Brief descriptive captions
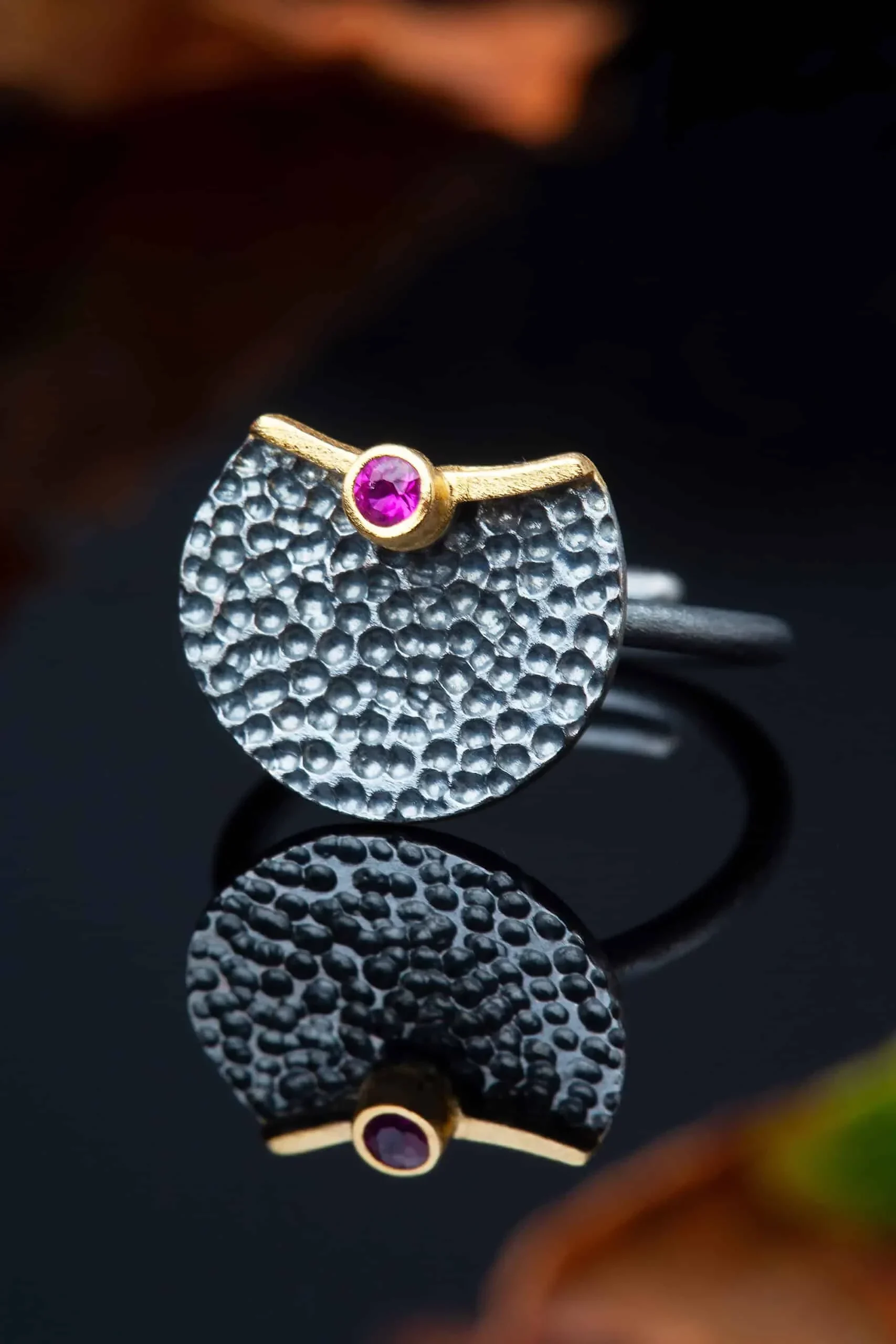 Handmade Jewellery | Silver textured black ring with pink zircon gallery 3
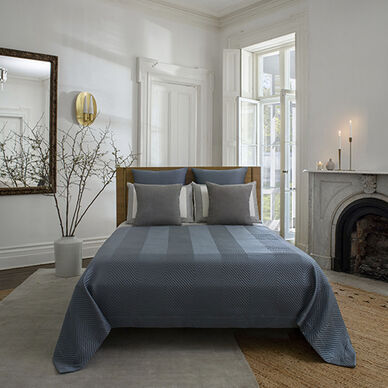 Herringbone, Bold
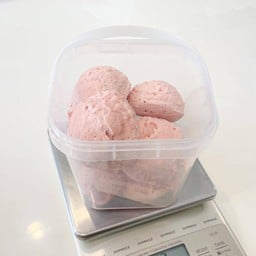 Greek scoops 500 g. รสสตอเบอร์รี่ แถมซอส 30 กรัม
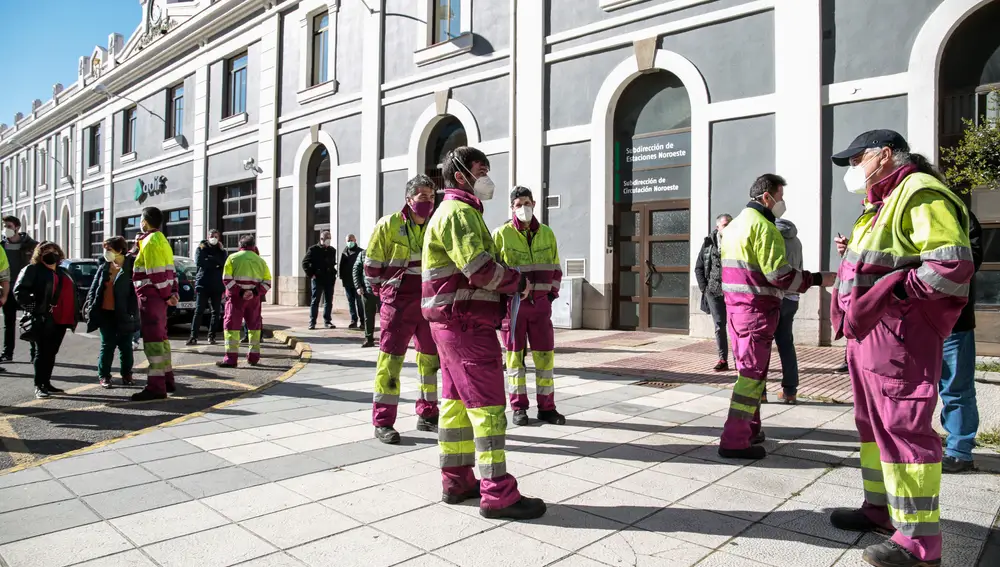 El comité provincial del grupo de empresas de Renfe convoca una concentración contra el cierre del centro médico de Renfe en León y la externalización de carga de trabajo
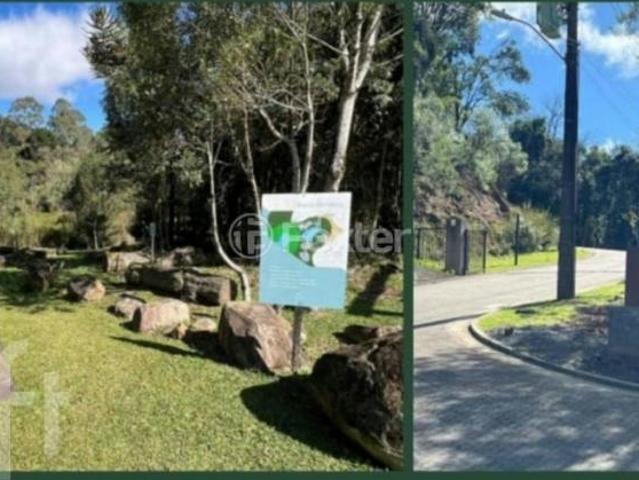 Casa, 3 dormitórios, 258 m², em Carniel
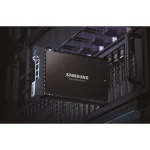 Samsung Enterprise PM983 SSD 7.7TB τύπου 2.5'' με σύνδεση PCI Express 3.0 MZQLB7T6HALA-00W07 - Image 3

**TASK DETAILS**:
Pictures stay out of this copy. Retype exactly the lines from the one with "El comité provincial" through the last line of the data, both ends included, and nothing more.

**YOUR SOLUTION**:
 El comité provincial del grupo de empresas de Renfe convoca una concentración contra el cierre del centro médico de Renfe en León y la externalización de carga de trabajo
 Casa, 3 dormitórios, 258 m², em Carniel
 Samsung Enterprise PM983 SSD 7.7TB τύπου 2.5'' με σύνδεση PCI Express 3.0 MZQLB7T6HALA-00W07 - Image 3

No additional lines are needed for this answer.